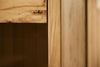 Vitrine Schrank MAISON Buche massiv 55 x 180 x 45 cm Bild 4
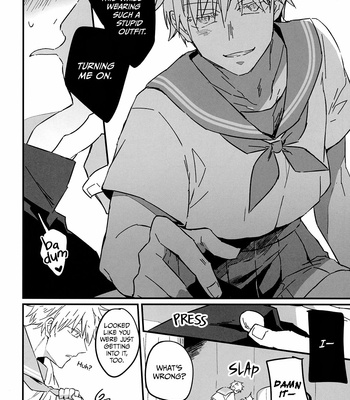 [Nikumori] Pullin’ Blushy-Wushy On Your Sleeve In My Uniform – Jujutsu Kaisen dj [Eng] – Gay Manga sex 11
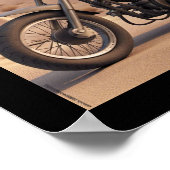 Skelet Motorcycle Poster (Hoek)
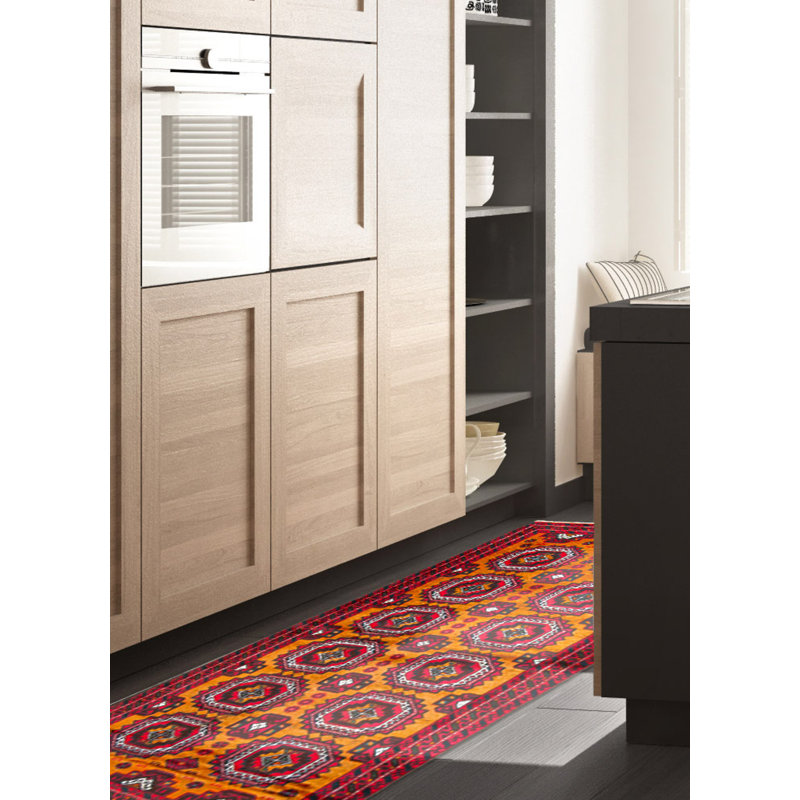 Teimani Brown Rug 3'1" x 7'3"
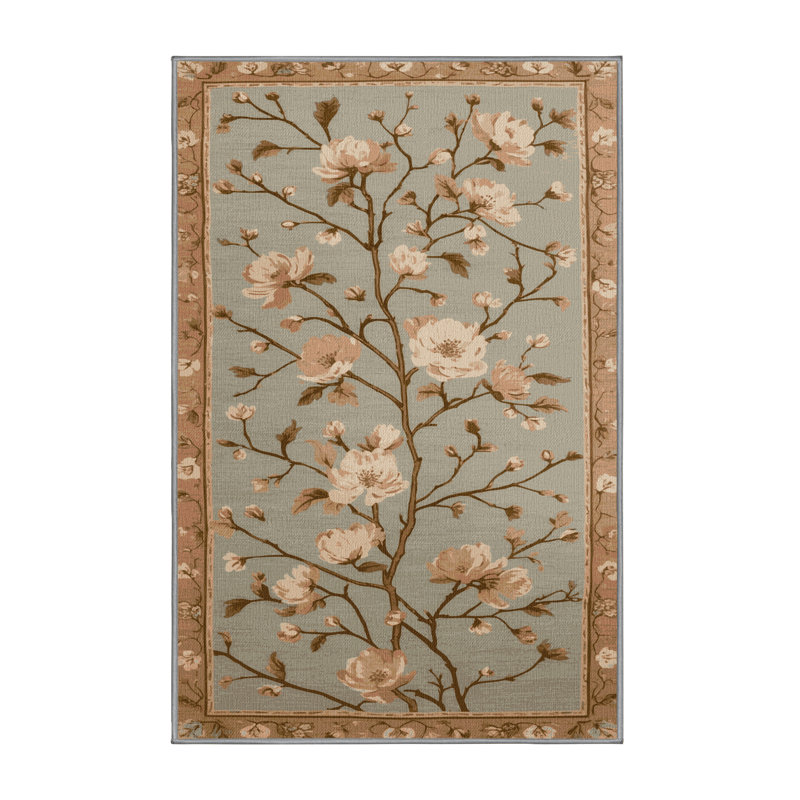  Tapis lavable Crabapple, Rectangulaire 2 pi x 3 pi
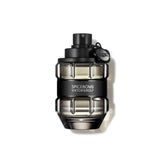 Viktor&Rolf Spicebomb bottle close-up with spray, ideal for daytime wear and bold presence.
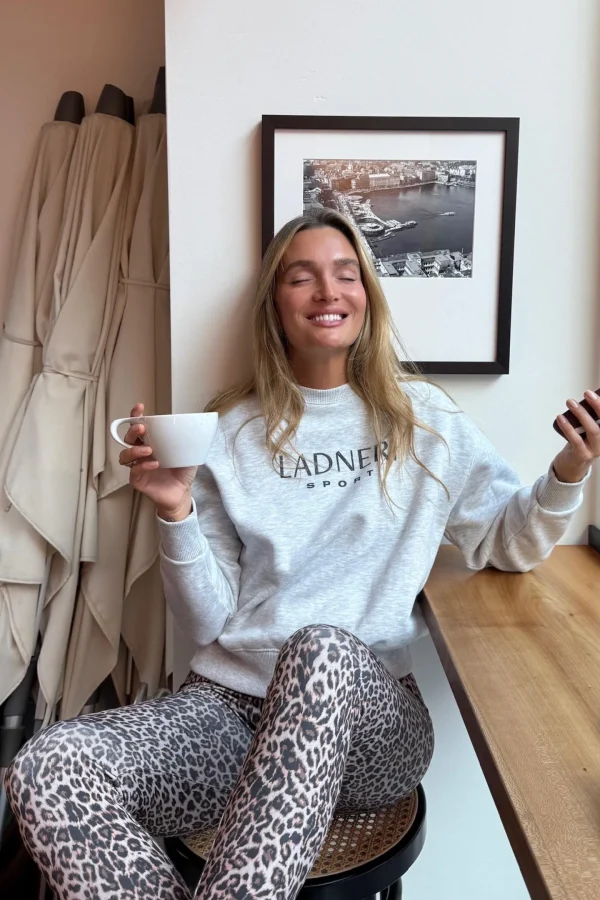 Ladneri Hoodies & Sweatshirts<Sweatshirt L’Équipe in Vintage Grey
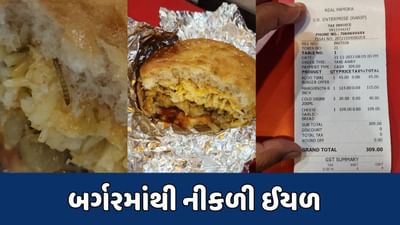 અમદાવાદની વધુ એક નામાંકિત રેસ્ટોરન્ટના બર્ગરમાંથી નીકળી ઇયળ, જુઓ વીડિયો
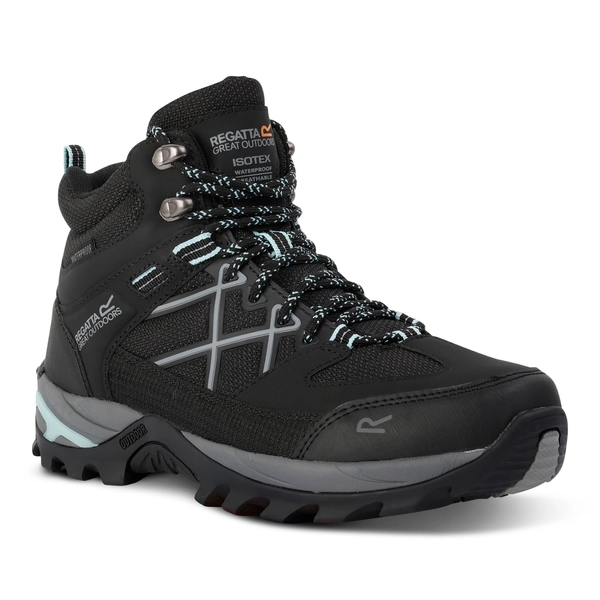 Regatta Women's Samaris III Walking Boots | Black Aqua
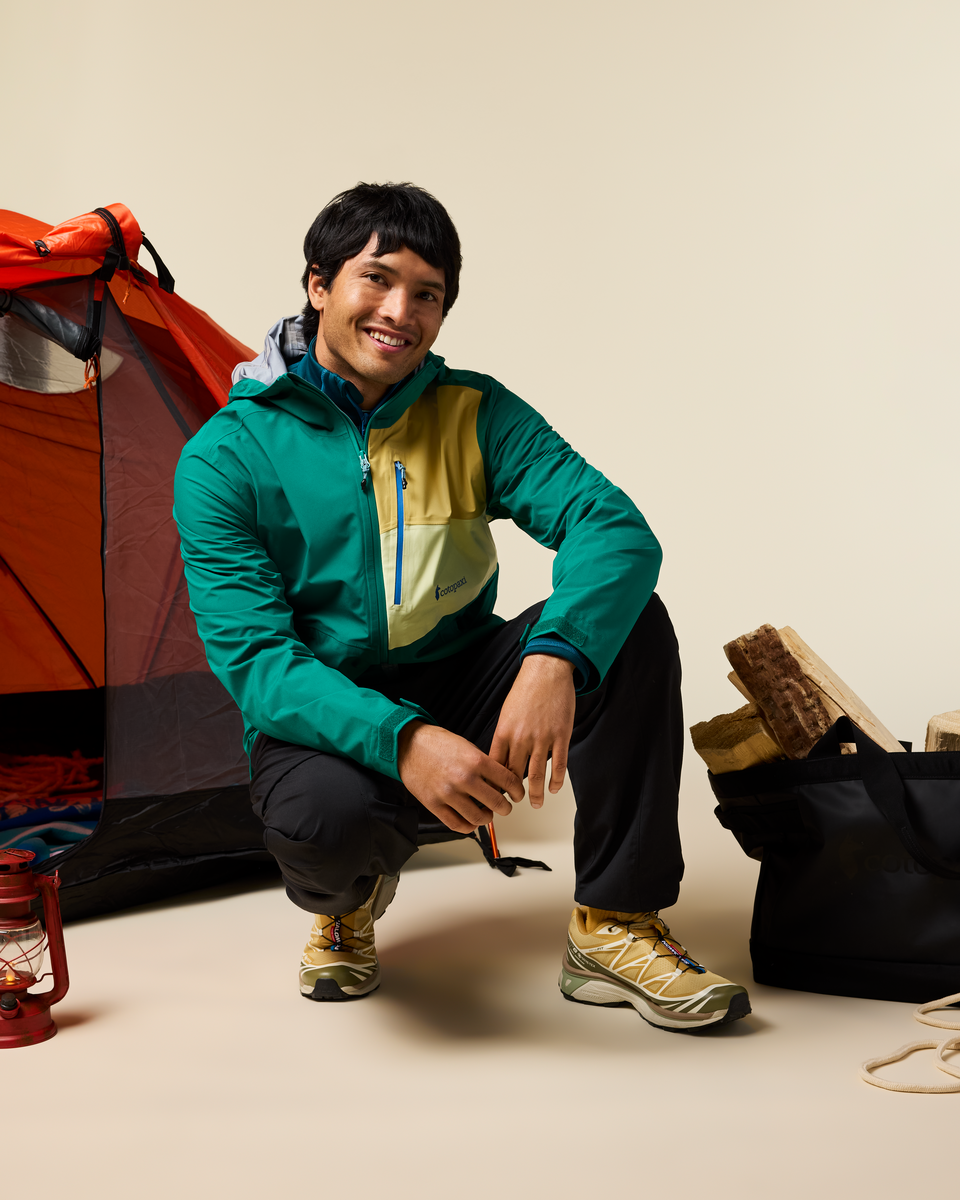 Impermeo 3L Hooded Shell Jacket - Men's, Malachite, Model Christian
-=-=-=-=-
**About this exercise:**
Could you set down word for word each line from the one holding "અમદાવાદની વધુ એક" through the end of the material above, without any pictures?

**Solution:**
 અમદાવાદની વધુ એક નામાંકિત રેસ્ટોરન્ટના બર્ગરમાંથી નીકળી ઇયળ, જુઓ વીડિયો
 Regatta Women's Samaris III Walking Boots | Black Aqua
 Impermeo 3L Hooded Shell Jacket - Men's, Malachite, Model Christian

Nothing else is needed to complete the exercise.